Tüm bu son derece can alıcı meselelerin ele alınması kaçınılmazdır. Ahmet Şara’nın bir süre önce Rusya ziyaretinde Putin’le yaptığı görüşmede Rusya’nın askeri üslerinin güvenliği konusunda mutabık kalındığı, Rusya ile Suriye arasındaki bu temasın karşılıklı güven inşaası açısından oldukça önemli olduğu söylenebilir. Ancak bu ikili ilişkide de İsrail faktörünü gözardı etmemek gerekir. Zira Ahmet Şara- Putin görüşmesi öncesi İsrail Rusya’yla görüşerek, Suriye’ye ilişkin beklentilerini ortaya koymuştur. Sonuç olarak; Ahmet Şara – Trump görüşmesi öncesi yaptığı Putin buluşması ve şimdi yapacağı Trump buluşmasında da İsrail faktörü öne çıkacaktır.

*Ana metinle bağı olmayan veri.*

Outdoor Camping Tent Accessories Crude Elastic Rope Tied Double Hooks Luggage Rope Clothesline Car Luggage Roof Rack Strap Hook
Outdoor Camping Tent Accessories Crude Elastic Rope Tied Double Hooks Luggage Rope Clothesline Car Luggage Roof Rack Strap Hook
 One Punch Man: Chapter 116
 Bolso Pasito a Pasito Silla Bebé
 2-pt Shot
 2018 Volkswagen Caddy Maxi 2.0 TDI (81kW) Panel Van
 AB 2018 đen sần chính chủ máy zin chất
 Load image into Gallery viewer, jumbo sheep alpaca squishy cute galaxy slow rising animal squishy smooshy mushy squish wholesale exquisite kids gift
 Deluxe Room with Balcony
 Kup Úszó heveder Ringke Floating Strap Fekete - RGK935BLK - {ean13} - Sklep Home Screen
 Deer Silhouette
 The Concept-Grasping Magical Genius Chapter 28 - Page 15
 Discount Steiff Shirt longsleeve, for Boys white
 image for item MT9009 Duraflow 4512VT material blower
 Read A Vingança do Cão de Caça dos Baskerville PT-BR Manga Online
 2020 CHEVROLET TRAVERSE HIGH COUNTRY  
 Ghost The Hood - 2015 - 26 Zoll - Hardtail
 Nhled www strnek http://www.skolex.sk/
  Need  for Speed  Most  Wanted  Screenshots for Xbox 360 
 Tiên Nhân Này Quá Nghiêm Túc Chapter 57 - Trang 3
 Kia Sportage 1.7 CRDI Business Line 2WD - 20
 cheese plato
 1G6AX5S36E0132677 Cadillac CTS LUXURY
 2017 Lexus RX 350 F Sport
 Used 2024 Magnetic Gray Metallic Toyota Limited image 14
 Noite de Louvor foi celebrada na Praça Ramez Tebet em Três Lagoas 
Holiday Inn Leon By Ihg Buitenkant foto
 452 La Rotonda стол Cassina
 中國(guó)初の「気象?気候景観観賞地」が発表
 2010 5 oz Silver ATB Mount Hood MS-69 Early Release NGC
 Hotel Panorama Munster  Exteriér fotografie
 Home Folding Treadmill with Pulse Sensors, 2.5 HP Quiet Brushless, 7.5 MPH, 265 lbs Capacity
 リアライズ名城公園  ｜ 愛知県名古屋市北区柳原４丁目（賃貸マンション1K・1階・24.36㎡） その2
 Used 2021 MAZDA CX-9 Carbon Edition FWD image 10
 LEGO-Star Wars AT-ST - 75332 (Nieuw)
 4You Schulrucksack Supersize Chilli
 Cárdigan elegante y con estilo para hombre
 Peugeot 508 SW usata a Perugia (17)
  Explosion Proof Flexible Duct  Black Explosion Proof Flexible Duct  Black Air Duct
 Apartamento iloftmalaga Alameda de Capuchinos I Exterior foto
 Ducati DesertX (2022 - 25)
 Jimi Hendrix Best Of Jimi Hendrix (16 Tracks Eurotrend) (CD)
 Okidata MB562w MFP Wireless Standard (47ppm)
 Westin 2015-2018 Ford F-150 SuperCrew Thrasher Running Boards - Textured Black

Bu noktada; Abraham Anlaşması’nı da unutmamak gerekir. Netenyahu’nın bunu Trump’a hatırlatarak öne çıkarttığı Abraham anlaşmasına Suriye’nin de dahil olması konusunun Ahmet Şara’nın önüne ısrarlı bir şekilde gelebileceği de ihtimal dahilindedir. Tüm bunların zemininde vurgulanması gerekir ki; Türkiye için Suriye’nin bütünlüğünün güvenliği, gözardı edilemeyecek düzeyde hayati önemdedir. Tüm bu gelişmeler ve bugüne kadar gelinen nokta bir kez daha göstermektedir ki; ilk günden beri ifade ettiğim Suriye devriminin çalınma riski, hala güncelliğini korumaktadır.